Assigned task:
When you reach the line with "Maverick (Tom Cruise)" in the records below, begin transcribing exactly and continue up to and including the line with "Slav firing light machine gun", leaving out every picture.

Records for processing:
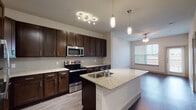 Located at 2250 Sara Jane Pkwy in Grand Prairie, Texas, this well-appointed single-floor residence combines contemporary finishes with a functional open-concept layout. The kitchen serves as the centerpiece of the living space, showcasing rich dark espresso cabinetry, light granite countertops, and a full suite of stainless steel appliances including a French door refrigerator, electric range, and built-in microwave. A subway tile backsplash adds a clean, modern touch, while pendant lighting above the granite-topped island — complete with a dual-basin sink — enhances both style and utility. Wood-look flooring flows throughout the main living areas, complementing the neutral palette and creating a warm, cohesive aesthetic. The open living area benefits from natural light streaming through large windows dressed with blinds, and a ceiling fan ensures year-round comfort. The primary bathroom features a spacious dual-sink vanity topped with granite, dark wood cabinetry, a large framed mirror, and wood-look flooring, with a walk-in closet visible beyond. The bedroom offers plush carpeting, a ceiling fan, and a generous window that brings in ample natural light. The overall design is cohesive and modern, with consistent dark wood finishes, granite surfaces, and neutral tones throughout.
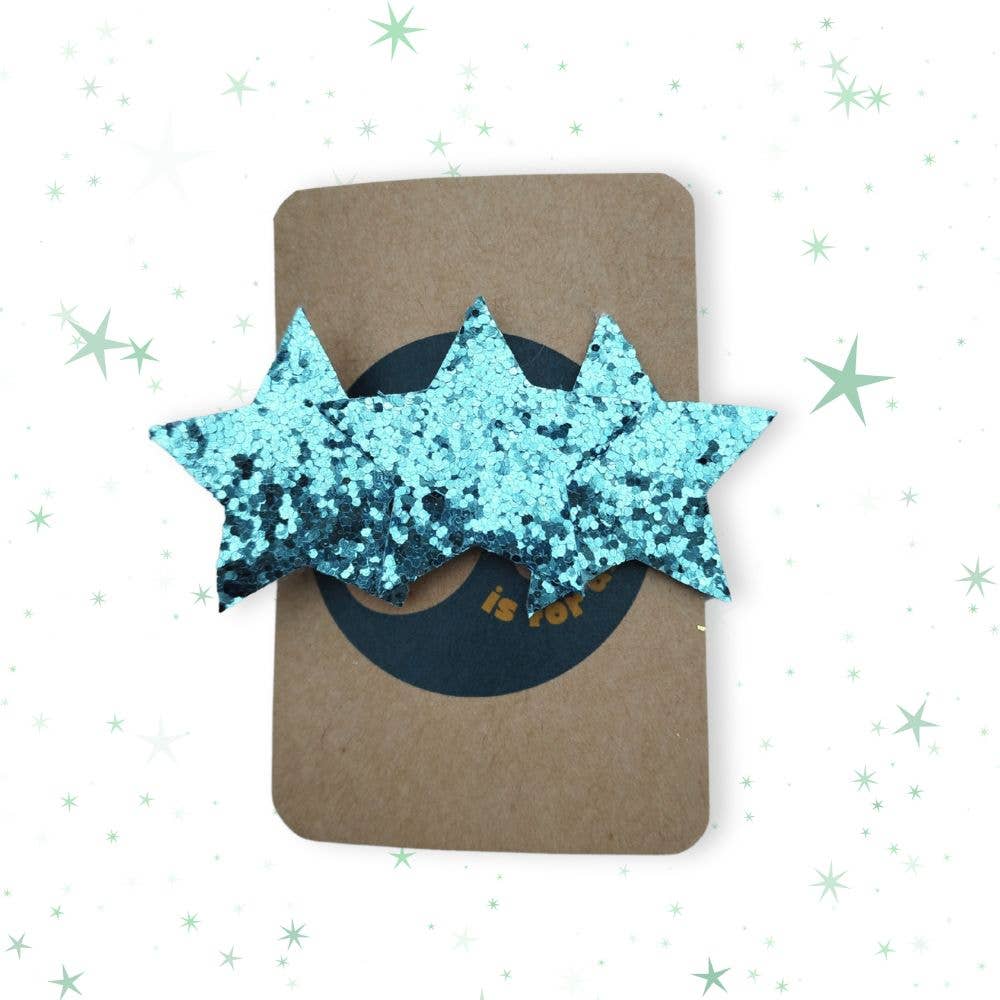 Blue glittery star-shaped hair clips on a brown card with a white background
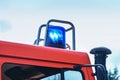 Flashing blue light on a fire truck in duty, part of the vehicle, copy space in the sky, motion blur Royalty Free Stock Photo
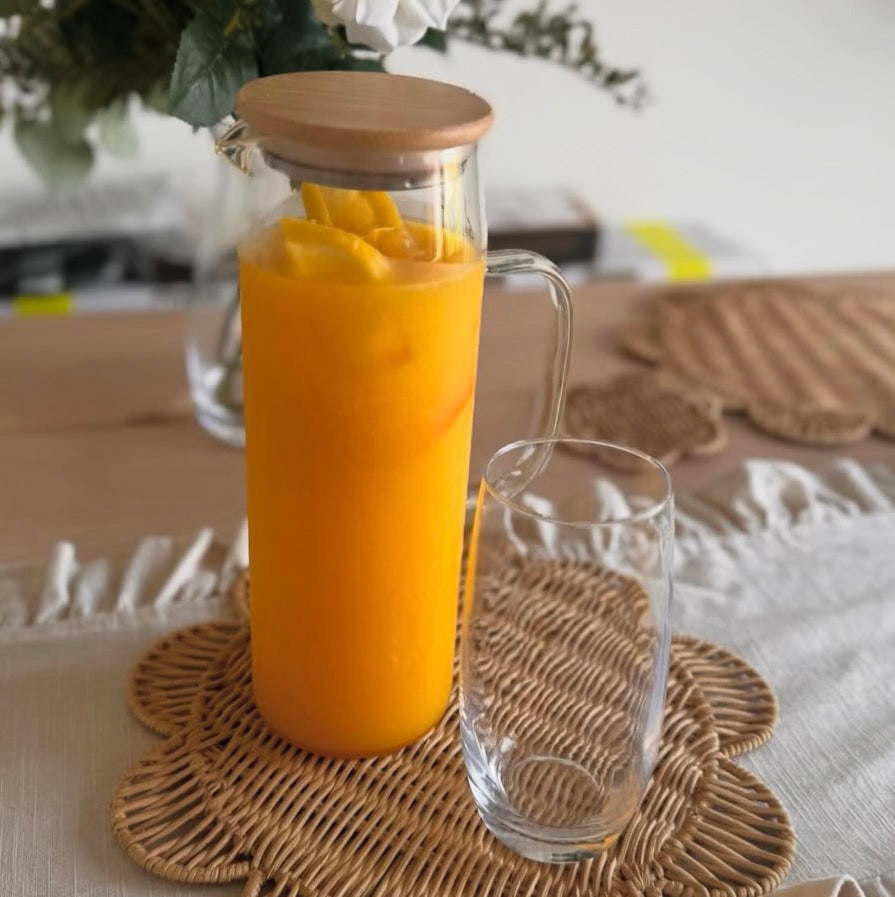 A clear glass water jug with a bamboo lid, filled with orange juice on a textured surface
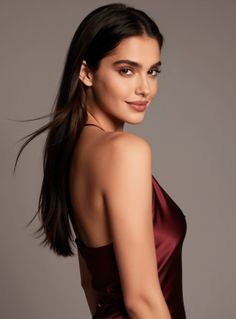 Woman in a red dress looking over her shoulder with hair blowing
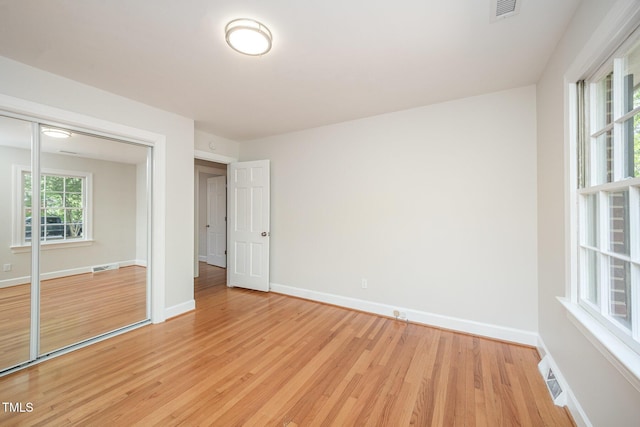 unfurnished bedroom with light wood-style floors, baseboards, and a closet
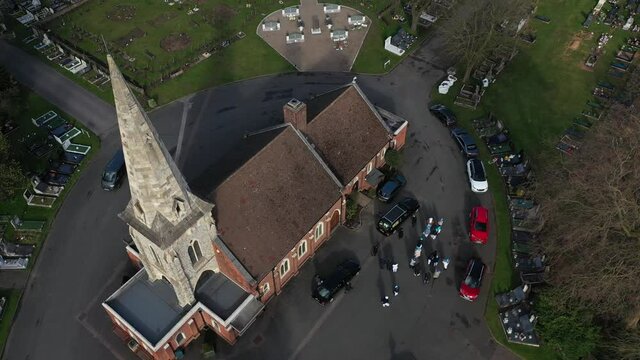 TILT DOWN SHOT OF FAMILIES AND FUNERAL VAN INFRON OF A CHURCH IN THE CEMETERY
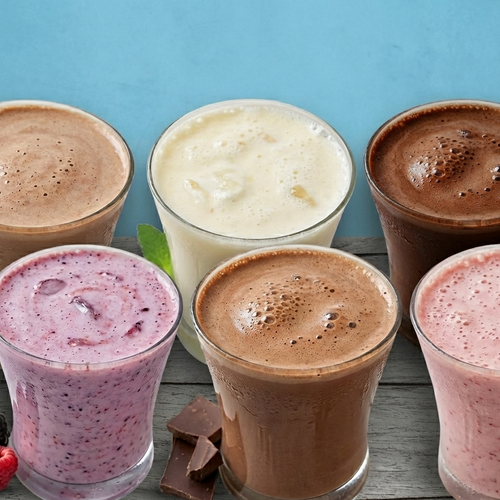 Assorted smoothies in clear glasses on a wooden surface with a blue background
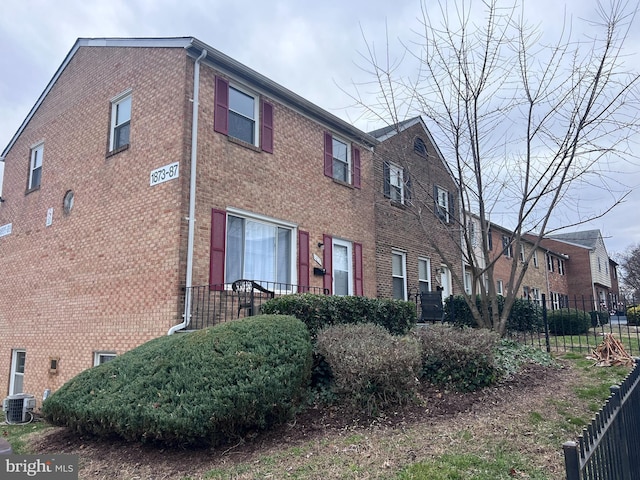 view of property exterior with central AC unit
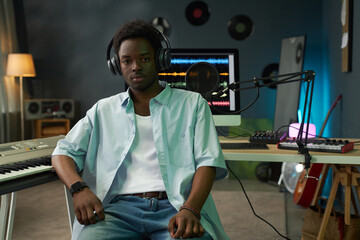 Portrait of African American young musician in headphones working in recording studio
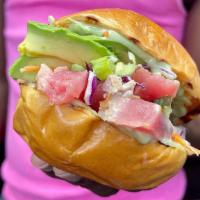 Grilled Ahi Tuna Sandwich · Micky's favorite,  raw or undercooked. Seared ahi tuna, cucumber, oriental slaw, avocado, wa...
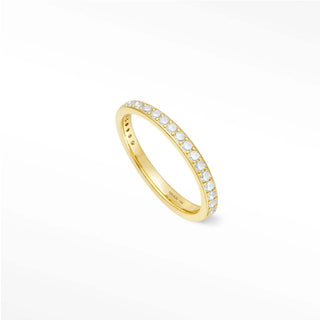 Delicate moonstone eternity band Thea with a 14k gold band featuring a continuous line of sparkling diamonds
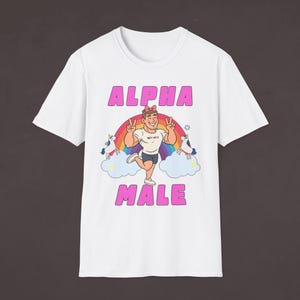 Pode incluir: Camiseta branca com as palavras "ALPHA MALE" em letras rosa. A camisa apresenta uma ilustração de desenho animado de um homem com um arco-íris, unicórnios e nuvens.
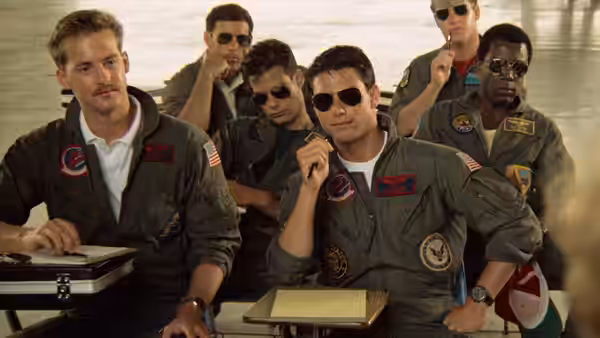 Maverick (Tom Cruise) sits with fellow pilots at a briefing table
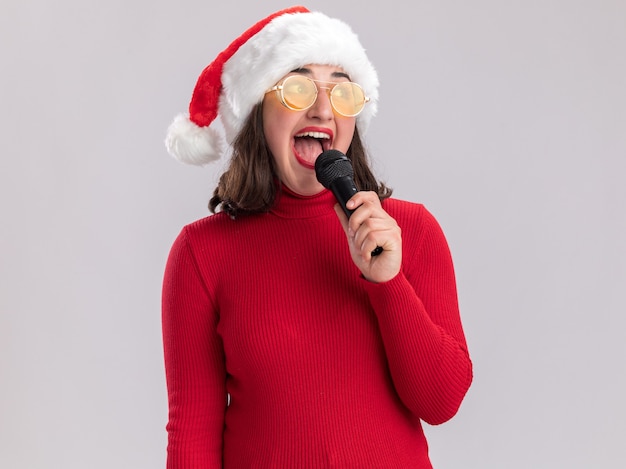 Szczęśliwa i wesoła młoda dziewczyna w czerwonym swetrze i santa hat w okularach trzymając mikrofon śpiewa piosenkę stojącą na białym tle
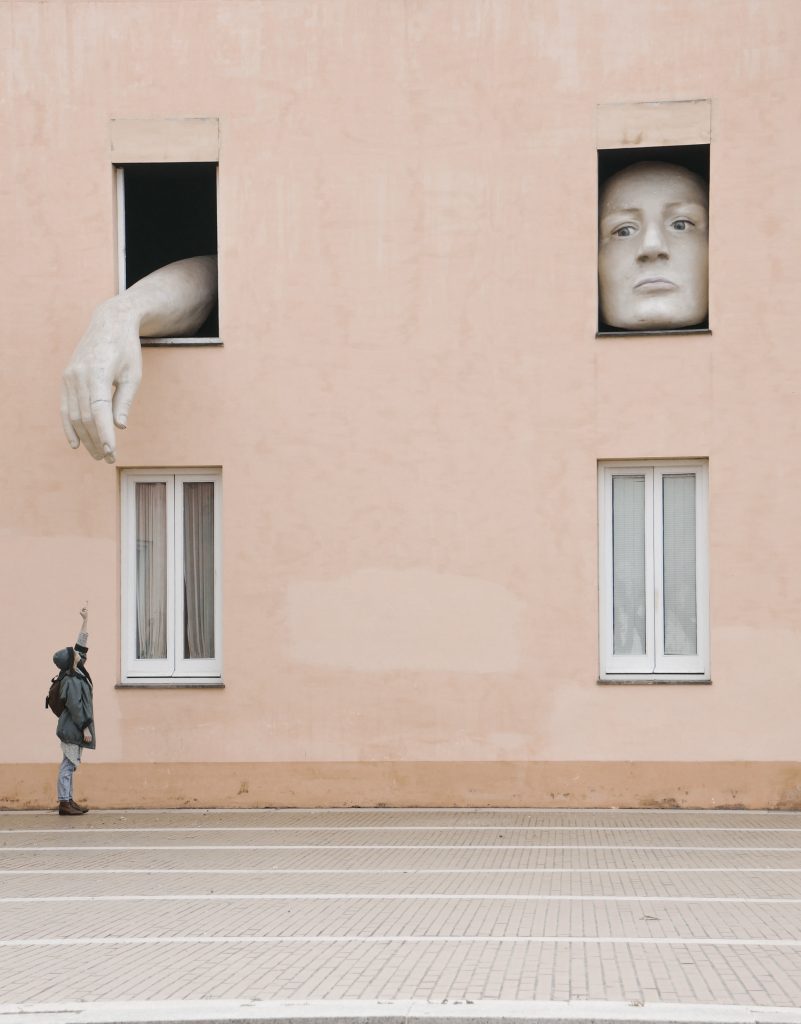 Some art work on a street where one window has a face and the other has a hand coming out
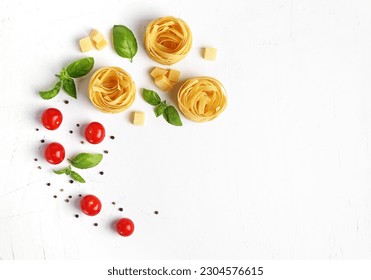 Pasta ingredients on white background. Red cherry tomatoes, basil, peppercorns. Italian cuisine concept. Healthy vegetarian diet. Flat lay, copy space - Powered by Shutterstock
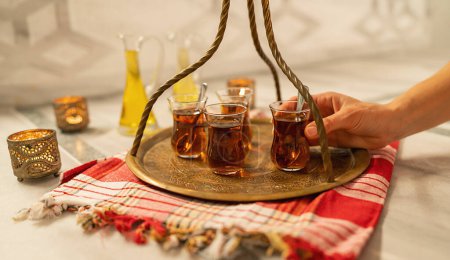 A hand serving Turkish tea on a brass tray with a decorative glass holder and oil bottle in background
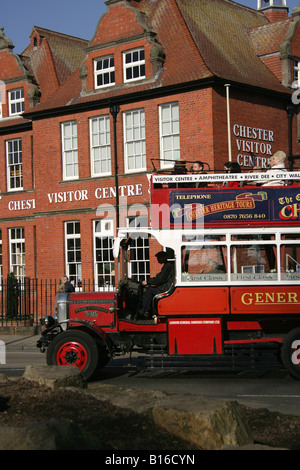 City of Chester, England. The Chester Heritage tour bus conducting city tours for visitors passing the Chester Visitors Centre. Stock Photo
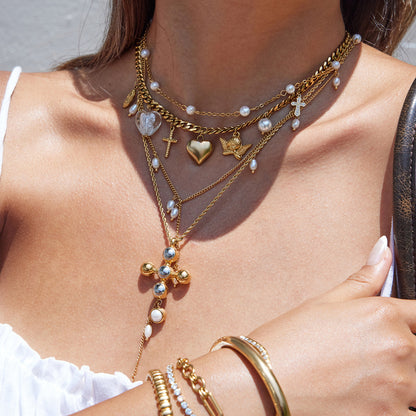 Flatlay of chunky Cuban bracelet with crystal heart and cross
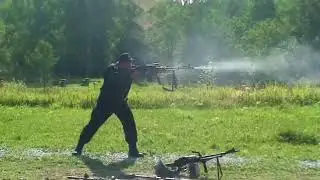 Slav firing light machine gun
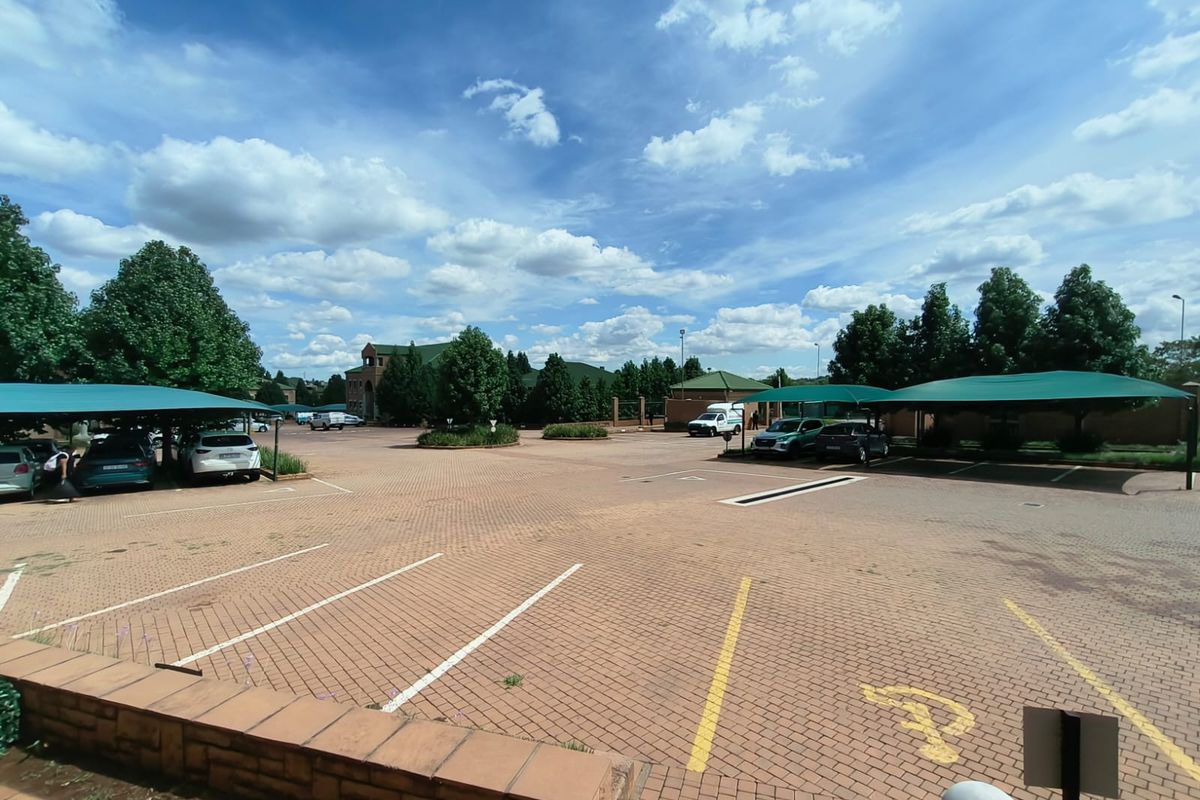Spacious paved office parking area featuring multiple shade cloth carports and clearly marked parking bays.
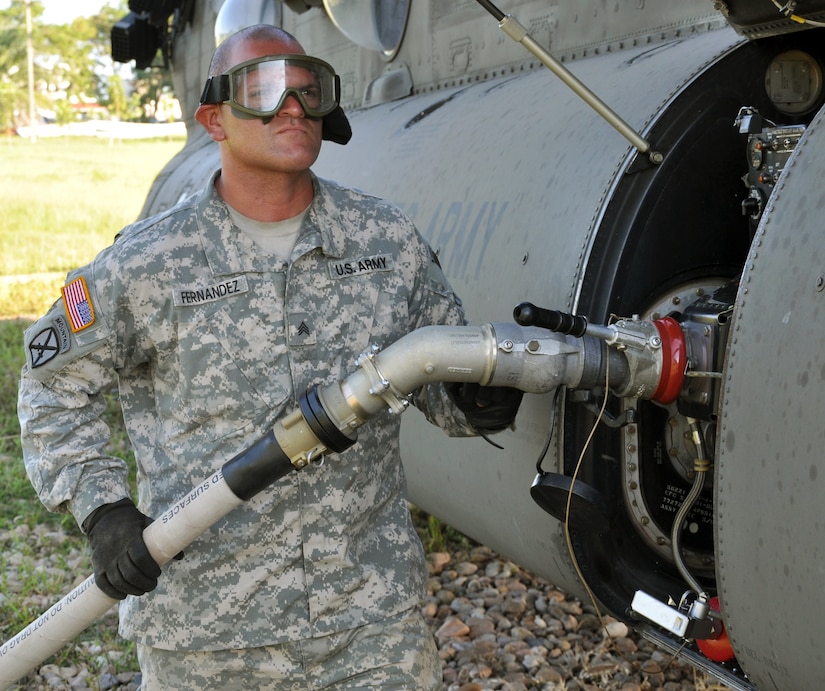 U.S. Army Sgt. Erick Fernandez refuels a UH-60 Blackhawk helicopter assigned to the 1-228th Aviation Regiment at Puerto Castilla, Honduras, Nov. 19, 2013.  The 1-228th conducted a week-long Collective Training Exercise (CTE), during which the unit lived in field conditions and responded to both exercise and real world mission requirements.  (U.S. Air Force photo by Capt. Zach Anderson)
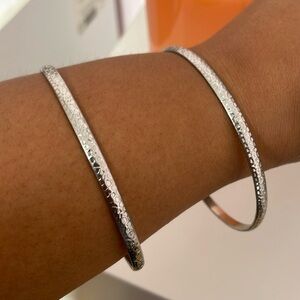 2 bangles 9 1/2 inch wide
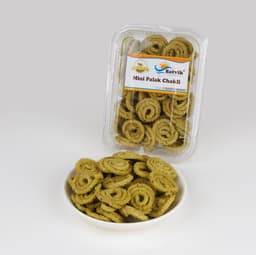 Mini Butter Chakli Palak 100 GMS made with premium ingredients and spinach flavor, hygienically packed for freshness and crunch.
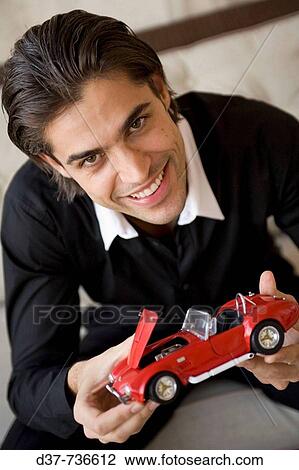 Man holding a collecting miniature car View Large Photo Image Stock Image - Man holding a collecting miniature car. Fotosearch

Answer to the exercise:
 Maverick (Tom Cruise) sits with fellow pilots at a briefing table
 Szczęśliwa i wesoła młoda dziewczyna w czerwonym swetrze i santa hat w okularach trzymając mikrofon śpiewa piosenkę stojącą na białym tle
 Some art work on a street where one window has a face and the other has a hand coming out
 Pasta ingredients on white background. Red cherry tomatoes, basil, peppercorns. Italian cuisine concept. Healthy vegetarian diet. Flat lay, copy space - Powered by Shutterstock
 A hand serving Turkish tea on a brass tray with a decorative glass holder and oil bottle in background
 City of Chester, England. The Chester Heritage tour bus conducting city tours for visitors passing the Chester Visitors Centre. Stock Photo
 Flatlay of chunky Cuban bracelet with crystal heart and cross
 Slav firing light machine gun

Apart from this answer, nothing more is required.